Le nombre d’éleveurs de poulets a augmenté cette année dans la région et pourrait même doubler d’ici deux ans selon les Éleveurs de volailles du Québec. Un nouveau producteur s’est récemment lancé sur le marché à Saint-Prime et trois autres devraient suivre.
En 2025, environ 2,5 millions de poulets ont été produits régionalement, représentant 6,4 millions de kilos et une valeur estimée à 13 millions de dollars.
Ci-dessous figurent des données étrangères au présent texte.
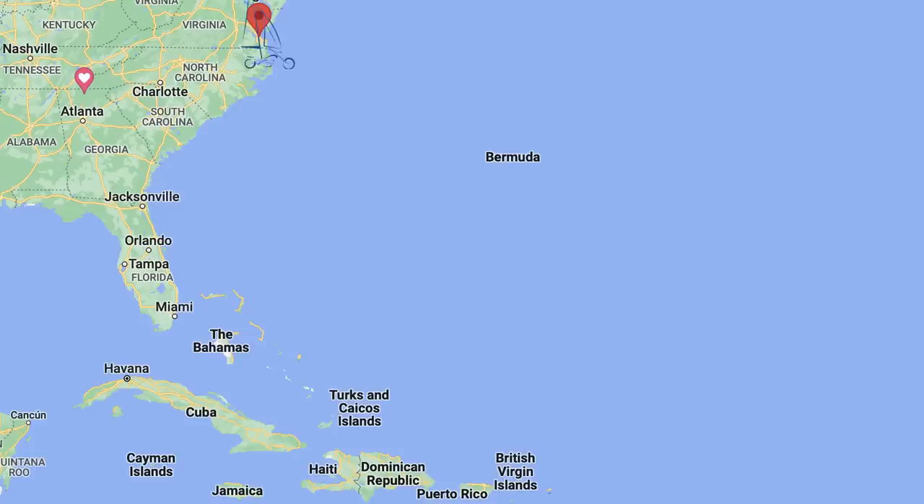Starlink is incredible. We sailed from Hampton, Virginia, all the way to the British Virgin Islands — 1,500 miles, hundreds and hundreds of miles out in the middle of the Atlantic Ocean — and we had service the entire time. We were actually streaming movies and TV shows. You could never do that with Iridium Go.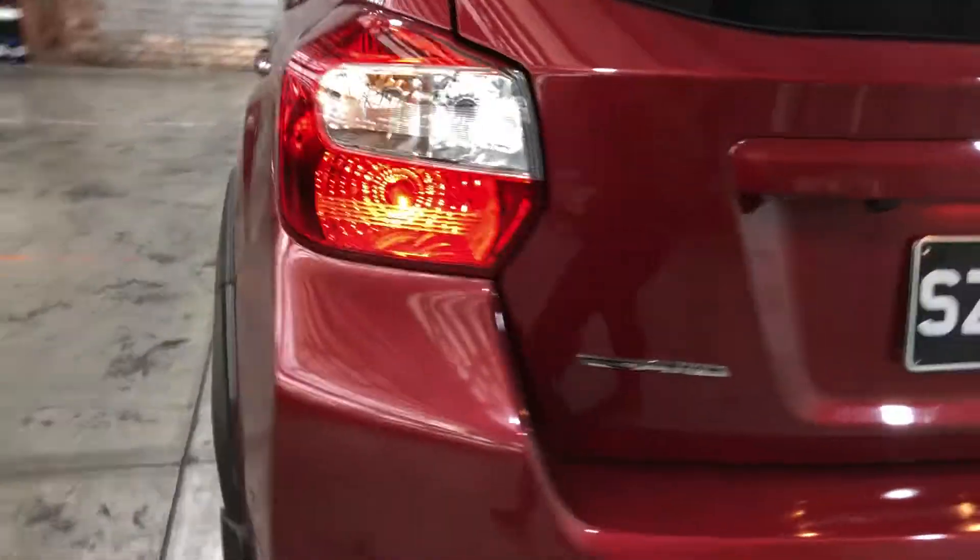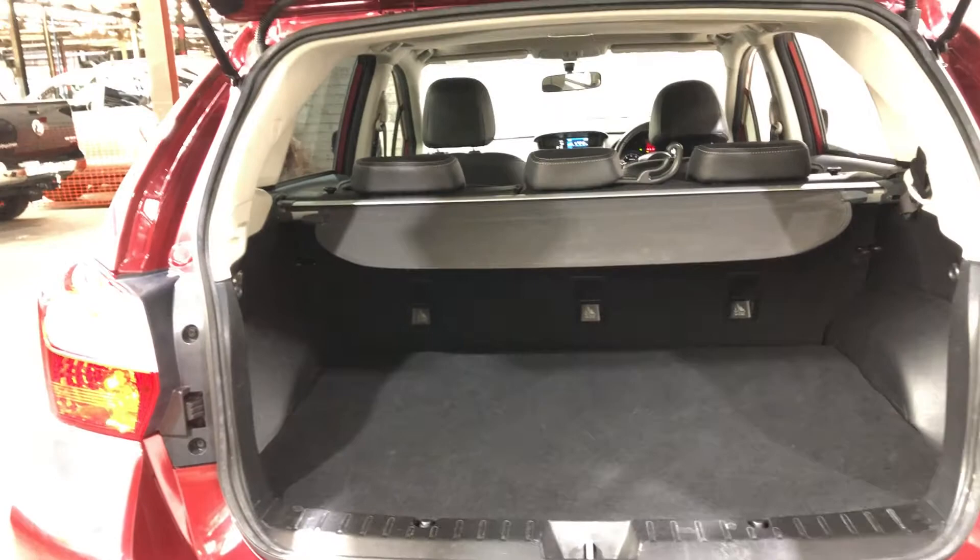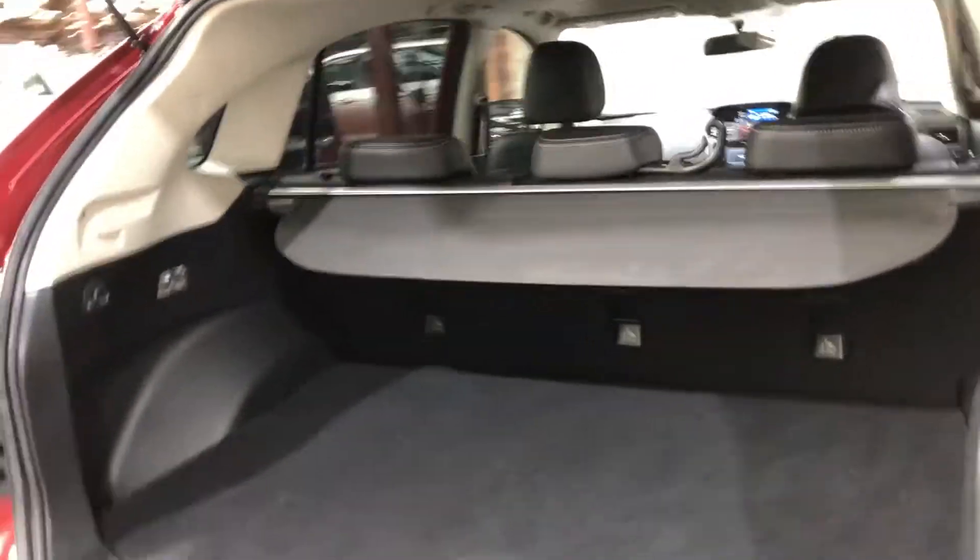As we make our way round to the back, this car comes with plenty of space in the boot, with all rear passenger seats that fold forward if you're looking for any more.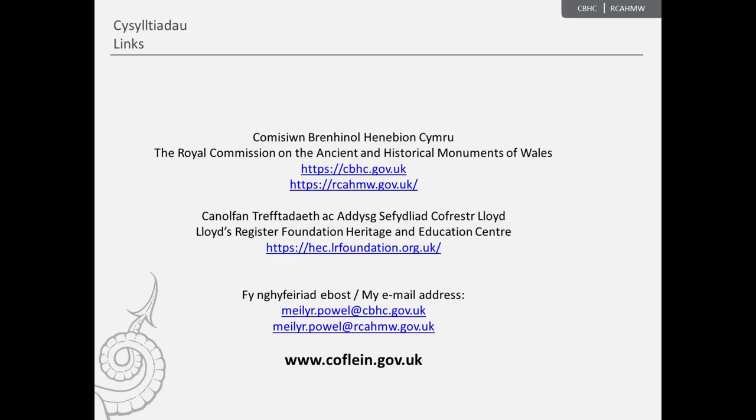I hope you've enjoyed and that it's been of use. If you have any questions, please feel free to send me an email at the address on screen, or alternatively drop a comment in the box below this video. Those are the links on screen to the Royal Commission's website and to the Lloyd's Register Foundation Heritage and Education Centre's website — by all means explore them and explore CovLine. CovLine is being revamped at the moment, and in a few weeks' time the new version will be live online and all these hyperlinks will be live, allowing you to make greater connections with digital resources. Thank you for joining.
En 2027, 5 millions de poulets devraient avoir été élevés au Saguenay-Lac-Saint-Jean.
Cette croissance a été rendue possible par la fusion de zone réglementaire qui a permis à des agriculteurs de la région d’obtenir de nouveaux quotas dans le cadre du système centralisé de vente aux enchères, explique le président des Éleveurs de volailles, Benoit Fontaine.
« Les gens de la région m’ont écrit pour me dire qu’ils étaient oubliés et qu’ils ne pouvaient pas se procurer de contingents. J’ai trouvé la situation aberrante », explique-t-il.
Des démarches ont donc été entreprises auprès de la Régie des marchés agricoles et alimentaires du Québec afin de corriger la situation et lever certains freins à l’accès aux quotas.
« La région a été fusionnée avec celle de l’Est-du-Québec. Ça a permis aux producteurs d’ici de participer aux enchères », précise Benoit Fontaine.
Des quotas d’Exceldor
Un autre élément déterminant a été la mise en vente des quotas d’une importante entreprise de transformation, Exceldor. Cette opportunité a permis à des agriculteurs de la région d’acquérir des parts et de lancer ou d’agrandir leur production.
Plusieurs projets sont déjà en cours, certains producteurs étant en construction ou en attente de permis.
Dans la majorité des cas, l’élevage de poulet vient diversifier les activités agricoles existantes plutôt que les remplacer, souligne le président des Éleveurs de volailles.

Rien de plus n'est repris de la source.